Its innovative technology, its market leading positions, its long-term pedigree for performance and quality, its know-how and intellectual property all combine to make very high barriers to entry for any of its competitors.

Today the group sells its equipment, its consumables and its services to customers in over 90 countries across the world.

And what is more it is still looking to expand its offering by way of strategic acquisitions – such as the August announcement of it acquiring 3M’s ballistic protection business, once US regulatory permissions have been granted, which should be in early 2020.

The group will be announcing its results for the year to end September on 13 November – and they should be a strong set of figures.

Brokers are estimating that group revenue will have improved from £165.5m to £178.6m, with pre-tax profits increasing from £27.2m to £30.5m.

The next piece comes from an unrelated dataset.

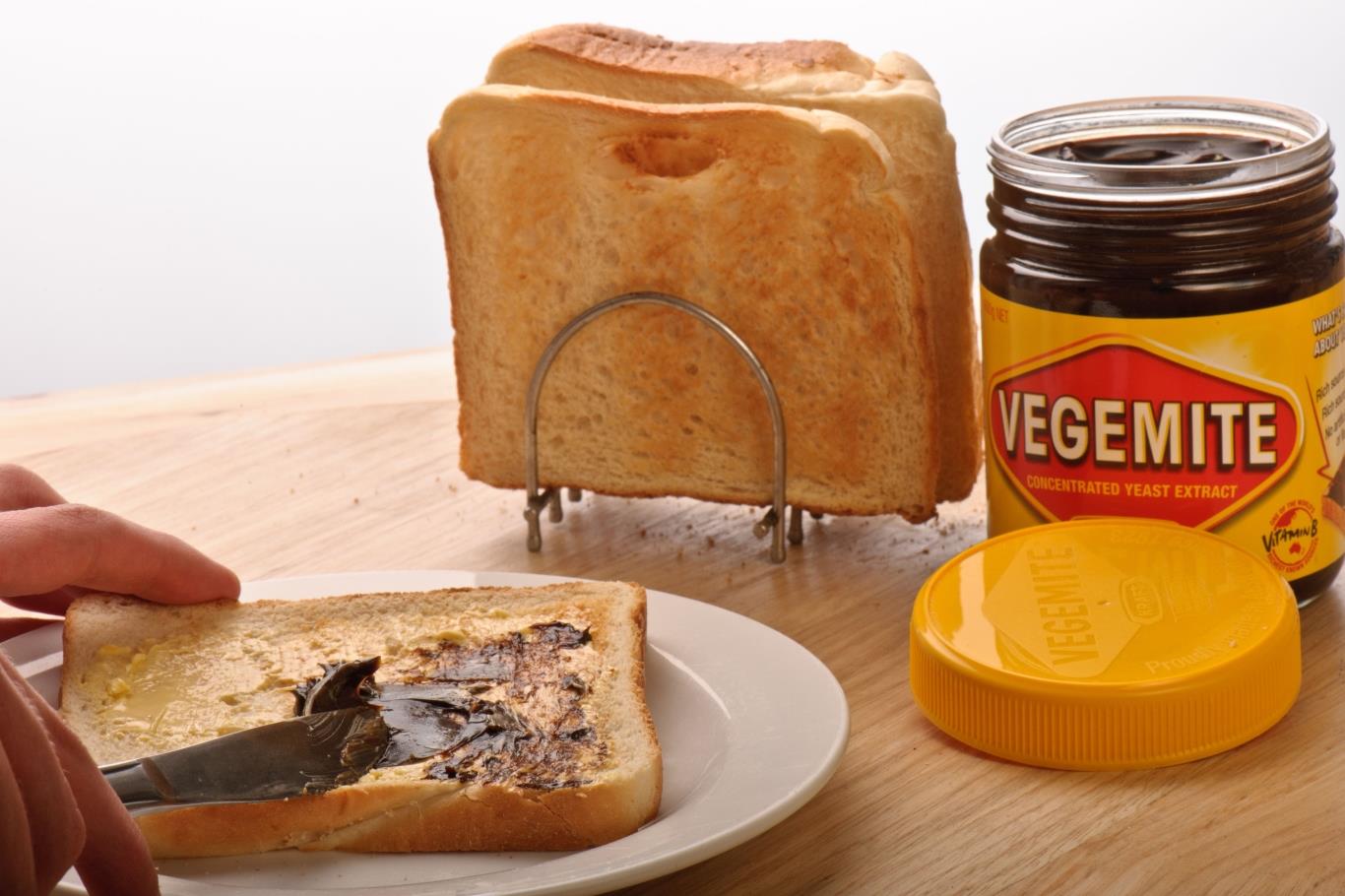 Bánh mì nướng bơ với sốt Marmite, Anh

For the coming year sales of £190m and profits of £34m are on the cards, worth 88.5p per share in earnings, upon which the company could pay a small dividend of 27p.

It is, however, highly cash generative as a business and is maintaining a strong balance sheet, so we can accept such dividend meanness.

With just over 31m shares in issue, the group is valued at around £530m.

Institutional shareholders include: BlackRock, Fidelity, Franklin, Cavendish, JP Morgan, Aberdeen Asset, M&G, Legal & General, Mackenzie Financial and Hargreaves Lansdown.

The shares are currently trading at around the £17 level, having peaked a month ago at £18.54, following the 3M ballistic news.

Considering the takeover activity in the defence and security sector, and also the US keenness on acquiring our better companies, the 19 times price earnings ratio does not put me off in rating the shares so highly.

I see them climbing back to their previous peak and then well above, with an attempt at £20, possibly before Christmas this year, and up to £22.50 before the end of next year.